Material shown:
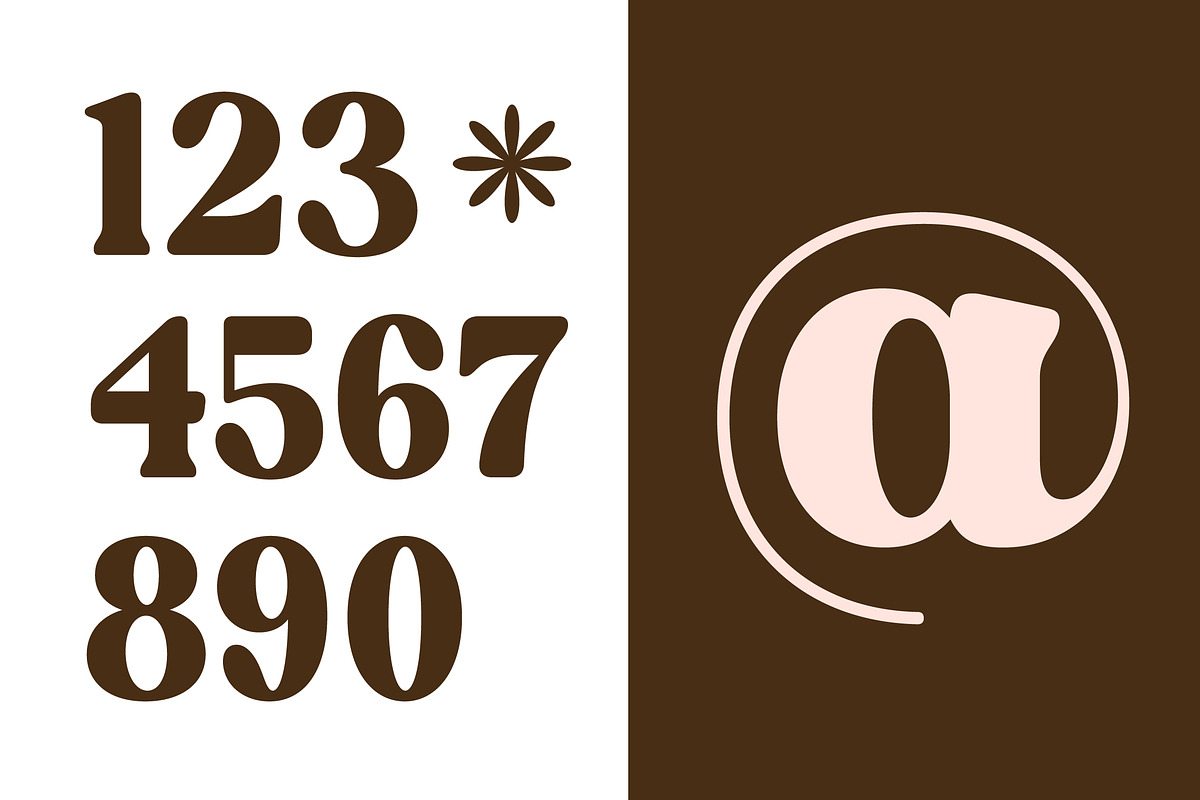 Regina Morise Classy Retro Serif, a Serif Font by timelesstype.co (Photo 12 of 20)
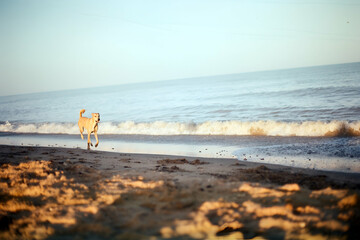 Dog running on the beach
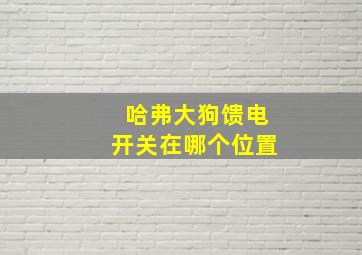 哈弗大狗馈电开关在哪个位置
==
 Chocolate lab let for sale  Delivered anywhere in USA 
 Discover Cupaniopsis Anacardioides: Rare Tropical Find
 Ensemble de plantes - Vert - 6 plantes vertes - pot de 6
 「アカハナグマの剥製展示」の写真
* * *
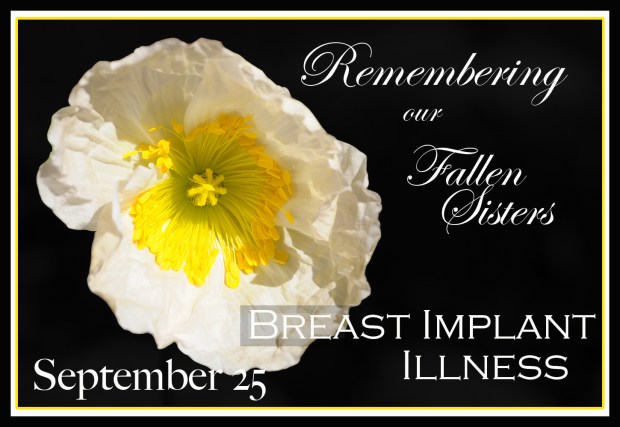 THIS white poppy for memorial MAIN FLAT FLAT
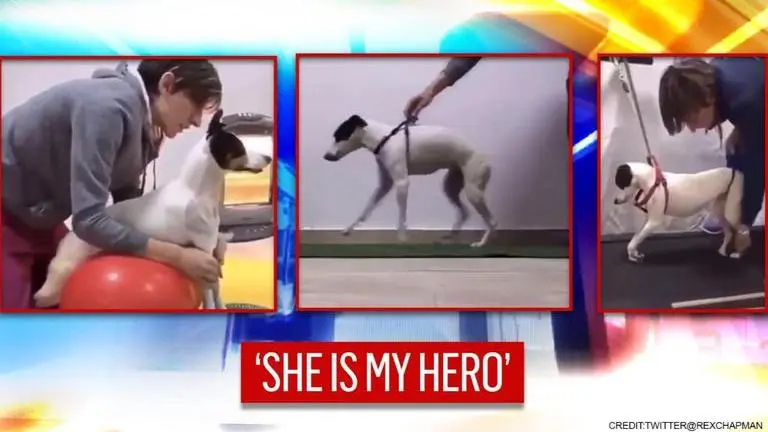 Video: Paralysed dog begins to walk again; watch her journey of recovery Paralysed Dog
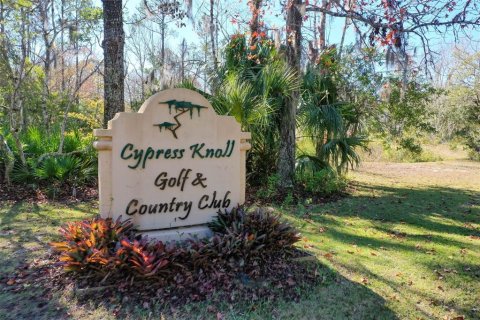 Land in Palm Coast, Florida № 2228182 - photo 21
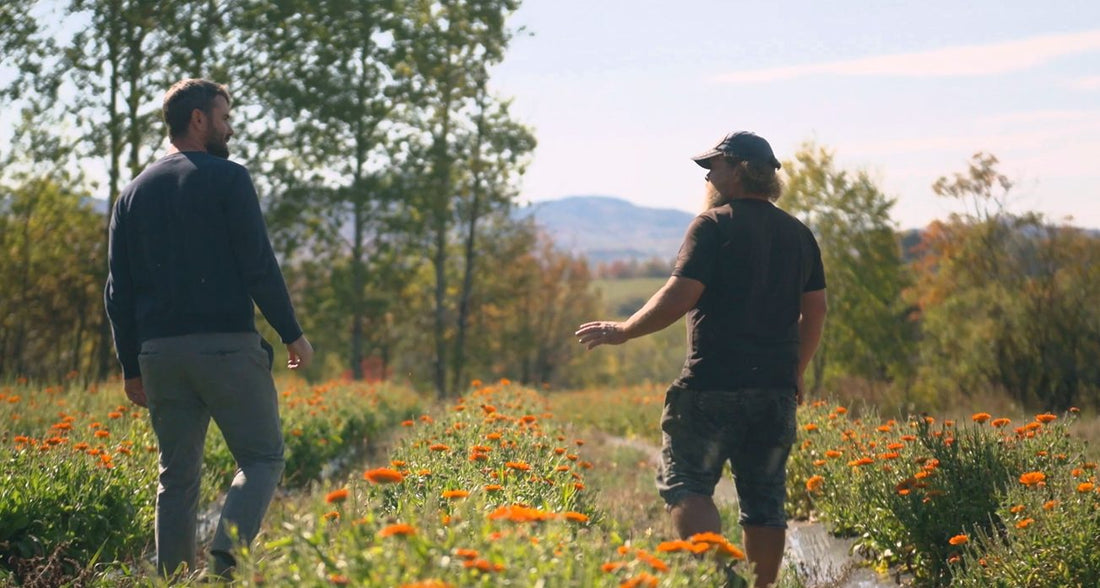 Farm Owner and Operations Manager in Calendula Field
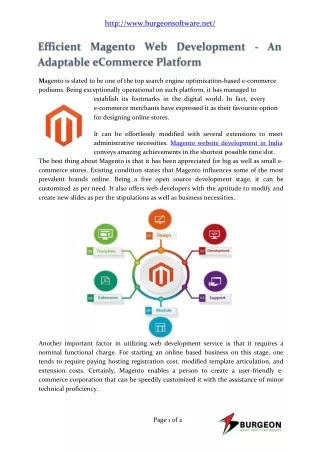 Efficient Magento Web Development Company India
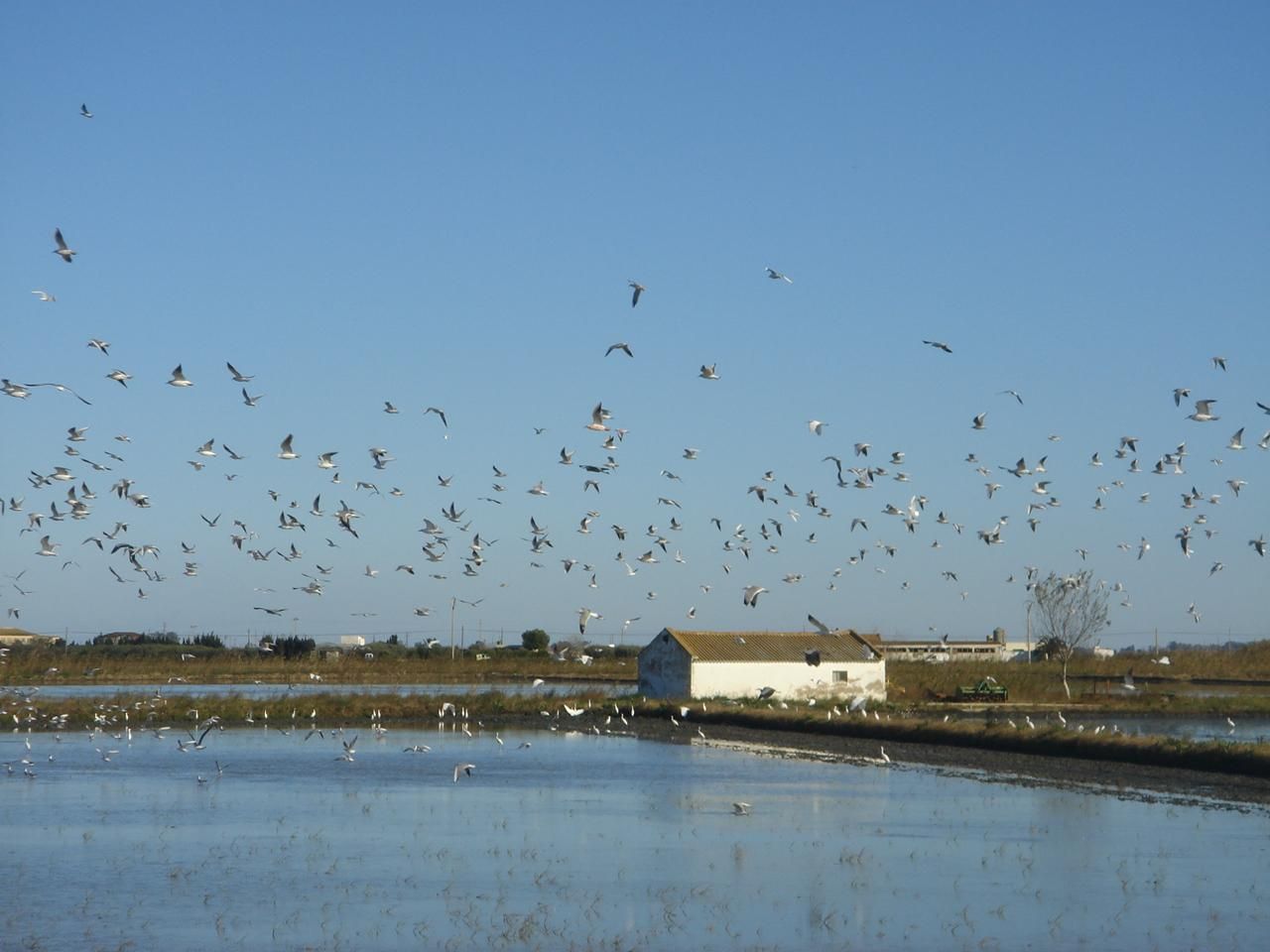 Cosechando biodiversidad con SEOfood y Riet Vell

Assigned task: Look above for the line with "Regina Morise Classy", then print it and each line after it down to and including the line with "哈弗大狗馈电开关在哪个位置". Leave out the pictures and keep the wording exact.

Response for this exercise:
 Regina Morise Classy Retro Serif, a Serif Font by timelesstype.co (Photo 12 of 20)
 Dog running on the beach
 哈弗大狗馈电开关在哪个位置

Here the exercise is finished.